Thursday, December 21, 2006

Stranger Than Fiction

Marc Forster, USA, 2006
3 out of 4 stars

The genre or convention known as "metafiction" usually involves a play within a play, a novel within a novel, and so on, but I imagine this work is not the only example of a meta device in which the internal work is of a different medium; in this case, it's a novel within a film. It's not just any novel, however; novelist Karen Eiffel (Emma Thompson) is a producer of modern "literature" (you know, the stuff no one reads) and Harold Crick (Will Ferrell) is her main character, who, as you probably know from the trailer, has started to hear her narration in his head.

There are of course various pitfalls to be avoided in making a film like this. The filmmakers wisely decide to avoid explaining how any of this can be possible, and they avoid prolonged scenes in which people simply tell Harold how crazy he must be. The other concern, however, is whether a Hollywood screenwriter can convince us that the "novel" would in fact be a serious, worthwhile piece of literature, which is something I felt skeptical about when I saw the ads for the film.

I think, overall, that the conceit works. To some extent, you really do wonder how great a novel this would be, or whether it's only great because they tell you that it is, but the glimpses we get do suggest a meaningful creative process, and this is what the film is about, but not in a way that is overly derivative of films about filmmaking such as Adapatation.

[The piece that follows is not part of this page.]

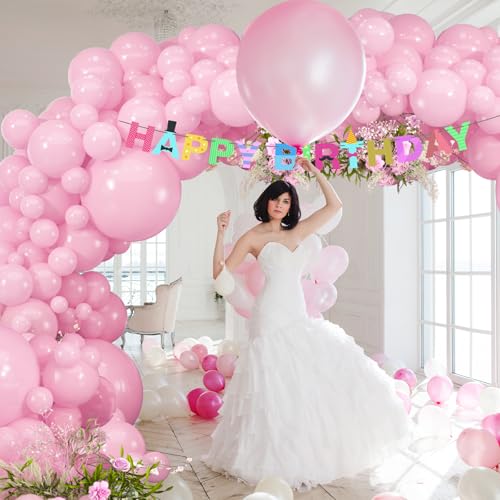 Image of 114pcs Light Pink Balloon Garland Arch kit, 18 12 10 5 inch Pastel Pink Latex Balloons Different Sizes for Engagement Bridal Bachelorette Princess Birthday Party Decorations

Finally, the film could have easily floundered on the ending, and for a short while I was convinced that it had. However, the filmmakers really show that they have earned their ending, which is really the most important thing, and so I felt that it actually gave more meaning to the film than I would have guessed. I'll conclude by saying that Dustin Hoffman's performance is quite entertaining, and Will Ferrell, while not exactly vibrant, is a convincing everyman.